Bridget’s darling Darcy is dead

The Sunday Times - September 29, 2013

Helen Fielding’s carefree heroine becomes a widowed single mother in the latest Bridget Jones novel


Mark Darcy is dead; Bridget Jones is a widow. The long-awaited third diary of the world’s most famous singleton brings this shocking news to her global army of fans today. Helen Fielding, the author, has killed off her dashing hero.

In the final pages of Bridget’s last diary, more than a decade ago, Darcy had just proposed and she looked set for wedded bliss. But in Fielding’s new Bridget Jones’s Diary, Mad about the Boy, everything has changed.

Bridget and Darcy did get married, and they had two children. But they did not live happily ever after. The carefree singleton is now a 51-year-old single mother, battling nits and the school run, and rediscovering romance with a toy boy while obsessing about her Twitter followers as well as her weight and wrinkles.

Bridget Jones’s Diary, with its catchphrases — “Weight: 130lb. Terrifying slide into obesity. Why? Why?” — began as a newspaper column and was deemed one of the 10 novels that best defined the 20th century.

The first book and its follow-up, Bridget Jones: The Edge of Reason, sold 15m copies in 40 countries and were made into two Hollywood films, starring Renée Zellweger as Bridget and Colin Firth as Darcy.

Fielding’s publisher hopes that the latest volume — serialised exclusively in The Sunday Times Magazine today — will give a voice to the more mature, social media-obsessed concerns of the women who grew up with Bridget.

The cause of Darcy’s death is buried in a flashback deep within the new diaries and is not being revealed in advance. The book opens five years later when her friends — including Daniel Cleaver, the cad played in the film by Hugh Grant, now a devoted if disreputable godfather to the children — are determined to lift her out of misery.
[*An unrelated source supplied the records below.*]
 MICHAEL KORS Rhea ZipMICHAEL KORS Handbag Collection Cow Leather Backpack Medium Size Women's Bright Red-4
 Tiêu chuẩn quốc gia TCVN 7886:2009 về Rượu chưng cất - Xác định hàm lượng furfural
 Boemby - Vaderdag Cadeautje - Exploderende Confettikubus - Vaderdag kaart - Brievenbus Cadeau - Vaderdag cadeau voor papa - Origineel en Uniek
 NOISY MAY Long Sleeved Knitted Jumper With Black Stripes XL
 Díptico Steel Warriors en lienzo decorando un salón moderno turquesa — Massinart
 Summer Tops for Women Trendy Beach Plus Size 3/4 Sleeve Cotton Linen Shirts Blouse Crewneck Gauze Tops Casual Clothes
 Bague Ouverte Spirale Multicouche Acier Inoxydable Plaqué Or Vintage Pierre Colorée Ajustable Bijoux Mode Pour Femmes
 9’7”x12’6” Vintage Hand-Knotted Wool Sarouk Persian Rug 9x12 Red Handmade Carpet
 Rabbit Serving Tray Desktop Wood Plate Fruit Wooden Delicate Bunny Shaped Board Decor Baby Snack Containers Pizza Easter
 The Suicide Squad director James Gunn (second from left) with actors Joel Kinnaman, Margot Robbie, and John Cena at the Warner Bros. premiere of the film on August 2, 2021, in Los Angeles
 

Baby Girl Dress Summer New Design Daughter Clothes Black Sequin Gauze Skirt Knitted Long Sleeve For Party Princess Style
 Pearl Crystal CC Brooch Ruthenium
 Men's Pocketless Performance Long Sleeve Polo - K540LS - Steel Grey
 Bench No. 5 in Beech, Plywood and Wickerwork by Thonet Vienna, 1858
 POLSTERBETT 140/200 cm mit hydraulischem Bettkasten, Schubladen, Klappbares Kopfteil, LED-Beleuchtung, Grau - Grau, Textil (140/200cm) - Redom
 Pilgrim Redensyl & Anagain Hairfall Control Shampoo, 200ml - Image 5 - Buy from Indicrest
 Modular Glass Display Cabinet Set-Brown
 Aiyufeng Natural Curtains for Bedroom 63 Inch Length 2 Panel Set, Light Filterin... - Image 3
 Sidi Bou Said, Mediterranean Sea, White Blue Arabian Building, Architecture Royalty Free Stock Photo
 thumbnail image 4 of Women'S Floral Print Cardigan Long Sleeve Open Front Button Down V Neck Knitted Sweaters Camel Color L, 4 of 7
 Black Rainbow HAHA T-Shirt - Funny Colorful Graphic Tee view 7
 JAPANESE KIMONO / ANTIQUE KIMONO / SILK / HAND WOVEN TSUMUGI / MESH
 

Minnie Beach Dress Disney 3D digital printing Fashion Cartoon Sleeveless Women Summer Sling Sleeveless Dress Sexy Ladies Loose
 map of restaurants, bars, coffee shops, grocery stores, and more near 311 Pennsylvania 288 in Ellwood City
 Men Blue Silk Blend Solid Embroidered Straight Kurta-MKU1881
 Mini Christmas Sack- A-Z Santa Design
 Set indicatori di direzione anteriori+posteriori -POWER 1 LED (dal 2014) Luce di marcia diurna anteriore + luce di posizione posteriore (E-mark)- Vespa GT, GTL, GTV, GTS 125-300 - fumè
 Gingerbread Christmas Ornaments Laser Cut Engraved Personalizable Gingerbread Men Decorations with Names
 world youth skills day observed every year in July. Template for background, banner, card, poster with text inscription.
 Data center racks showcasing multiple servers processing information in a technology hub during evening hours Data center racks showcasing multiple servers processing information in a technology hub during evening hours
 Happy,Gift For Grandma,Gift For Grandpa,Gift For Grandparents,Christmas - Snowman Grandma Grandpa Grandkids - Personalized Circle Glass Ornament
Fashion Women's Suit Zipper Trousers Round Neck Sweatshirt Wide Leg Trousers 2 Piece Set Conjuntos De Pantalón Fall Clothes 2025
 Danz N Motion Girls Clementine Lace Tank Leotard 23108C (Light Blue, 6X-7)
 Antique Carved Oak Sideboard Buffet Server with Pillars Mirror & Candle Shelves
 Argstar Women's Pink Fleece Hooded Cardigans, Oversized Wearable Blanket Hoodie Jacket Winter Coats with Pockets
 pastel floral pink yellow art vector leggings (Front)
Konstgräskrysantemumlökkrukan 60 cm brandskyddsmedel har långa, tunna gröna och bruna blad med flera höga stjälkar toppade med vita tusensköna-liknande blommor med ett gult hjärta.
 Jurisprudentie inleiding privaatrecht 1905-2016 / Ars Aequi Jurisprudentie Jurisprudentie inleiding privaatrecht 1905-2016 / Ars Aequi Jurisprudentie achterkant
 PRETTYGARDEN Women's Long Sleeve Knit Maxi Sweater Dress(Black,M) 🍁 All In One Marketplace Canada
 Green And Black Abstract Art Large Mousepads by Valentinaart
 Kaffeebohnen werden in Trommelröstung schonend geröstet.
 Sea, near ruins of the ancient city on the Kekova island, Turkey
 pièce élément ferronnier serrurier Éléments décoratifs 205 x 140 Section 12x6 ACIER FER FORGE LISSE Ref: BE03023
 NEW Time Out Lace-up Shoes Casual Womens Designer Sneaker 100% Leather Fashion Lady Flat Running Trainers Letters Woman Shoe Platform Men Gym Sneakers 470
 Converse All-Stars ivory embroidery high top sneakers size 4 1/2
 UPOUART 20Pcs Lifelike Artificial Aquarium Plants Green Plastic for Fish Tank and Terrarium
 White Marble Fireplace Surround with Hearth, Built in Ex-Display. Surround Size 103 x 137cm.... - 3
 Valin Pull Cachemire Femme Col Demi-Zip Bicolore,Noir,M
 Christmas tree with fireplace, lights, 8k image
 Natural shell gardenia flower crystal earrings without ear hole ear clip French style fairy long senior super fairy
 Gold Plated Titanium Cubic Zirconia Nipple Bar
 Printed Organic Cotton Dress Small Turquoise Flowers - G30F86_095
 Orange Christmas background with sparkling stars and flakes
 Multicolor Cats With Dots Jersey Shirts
After eventful visits to nightclubs, she meets a new boyfriend, Roxster, on Twitter and frets over taking him to her old friend Talitha’s 60th birthday party. Unfortunately, it is his 30th birthday on the same night.

“It would be funny to take Roxster and also smug-making”, she writes in her diary, “because the thirtieth/sixtieth birthday thing would stop all that patronising pitying-of-single-women-‘of-a-certain-age’ thing... but it might put Roxster off me to be surrounded by old people... and make some unnecessary point about how old I am though of course am MUCH younger than Talitha. And frankly I refuse to believe how old I actually am.”

Fielding makes Bridget nervous about what she is getting into, still addressing her lost husband: “Five years. Has it really been five years? Oh Mark. Mark. What am I doing? Why did I start all this? Why didn’t I just stay as I was. Sad, lonely, workless, sexless but at least a mother, a widow and faithful...”

There is poignancy as well as humour: “Have made a decision. Am going to completely change. Am going to return to Zen/New Age/self-help-book study and yoga, etc, starting from the inside not the outside, meditate regularly, and lose weight. I will not: lie in bed in the morning thinking erotic thoughts; ever be late for the school run; do V-signs at people during school run; chew more than 10 pieces of Nicorette per day; hide empty wine bottles; eat more than three Big Macs or Starbucks ham-and-cheese paninis per week; wang around hysterically when things go wrong... But how can I accept what happened?”

Fielding has always denied that Bridget Jones is autobiographical, but she herself is 55 and a single mother of two young children.

After her relationship with Kevin Curran, a television executive on The Simpsons, ended in 2009 she returned from Hollywood and lives with their children in north London.